Ver um movimento interno estruturado, técnico e sensível a tantas realidades foi como um lembrete: minha presença aqui não é concessão, é parte de um projeto maior que entende a inclusão como valor estratégico.
Diversidade: um ativo que impulsiona negócios
A diversidade ainda está longe de ser uma realidade consolidada nas lideranças brasileiras. Dados do IBGE mostram que mais de 18 milhões de brasileiros possuem algum tipo de deficiência — o equivalente a 8,9% da população. No entanto, a maioria dessas pessoas está fora dos cargos de decisão.
Quando olhamos para gênero, o cenário também é desafiador. Mulheres ocupam apenas 2,4% das posições de CEO no Brasil, segundo a Pesquisa Panorama Mulheres 2023. E quando falamos de mulheres com deficiência, essa presença se torna ainda mais rara.
Por isso, contar minha trajetória é, também, uma forma de representar tantas outras histórias que ainda não têm visibilidade. Porque ser diversa não é um obstáculo — é um diferencial competitivo. Empresas que acolhem a pluralidade têm mais chance de inovar, reter talentos e se conectar com a sociedade de forma genuína.

Liderança pela diferença
Não lidero apesar da minha diferença. Lidero por causa dela. A experiência de me adaptar a ambientes que não estavam preparados para mim me tornou mais atenta, criativa e estratégica.
Minha missão hoje é ocupar esse espaço com responsabilidade. Não como exceção, mas como uma possibilidade real de mudança e evolução. Quero que outras mulheres e outros profissionais diversos cheguem e sintam que podem promover adaptações saudáveis e valorosas, sem que tenham que se encaixar ou ter receio de existir de um jeito diferente dos padrões.
Parte fundamental da minha contribuição na função que ocupo hoje foi liderar a construção colaborativa do conceito “Sustentabilidade que Transborda”. Uma frase referência que sintetiza o movimento de renovação do Manifesto de Sustentabilidade do Grupo JCPM e faz alusão a um movimento coletivo pelo desenvolvimento sustentável.
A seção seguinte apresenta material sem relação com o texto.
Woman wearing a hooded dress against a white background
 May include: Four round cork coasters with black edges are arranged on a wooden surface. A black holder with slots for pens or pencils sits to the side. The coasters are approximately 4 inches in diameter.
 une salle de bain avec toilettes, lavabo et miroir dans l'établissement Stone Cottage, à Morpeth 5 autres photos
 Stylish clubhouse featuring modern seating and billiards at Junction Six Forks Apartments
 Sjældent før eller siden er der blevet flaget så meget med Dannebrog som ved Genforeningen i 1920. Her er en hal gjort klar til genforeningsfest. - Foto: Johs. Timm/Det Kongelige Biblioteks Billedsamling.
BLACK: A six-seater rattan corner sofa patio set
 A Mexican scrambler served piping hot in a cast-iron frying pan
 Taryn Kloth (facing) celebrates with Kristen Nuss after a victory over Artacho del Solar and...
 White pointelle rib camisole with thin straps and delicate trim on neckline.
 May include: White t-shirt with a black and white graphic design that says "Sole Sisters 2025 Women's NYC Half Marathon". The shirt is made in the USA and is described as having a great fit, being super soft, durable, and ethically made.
É sobre o que há em cada um transbordando e influenciando o outro: um movimento de transformações a partir da adaptação, sem perder a essência.
Quando a empresa aposta em acessibilidade, quando revisa e amplia suas políticas a partir da contribuição das pessoas que a compõem, ela ultrapassa o cumprimento das obrigações legais e atua como pioneira, inspirando o movimento em favor de novos futuros, novos contextos, fundamentais para a sustentabilidade e para o desenvolvimento coletivo.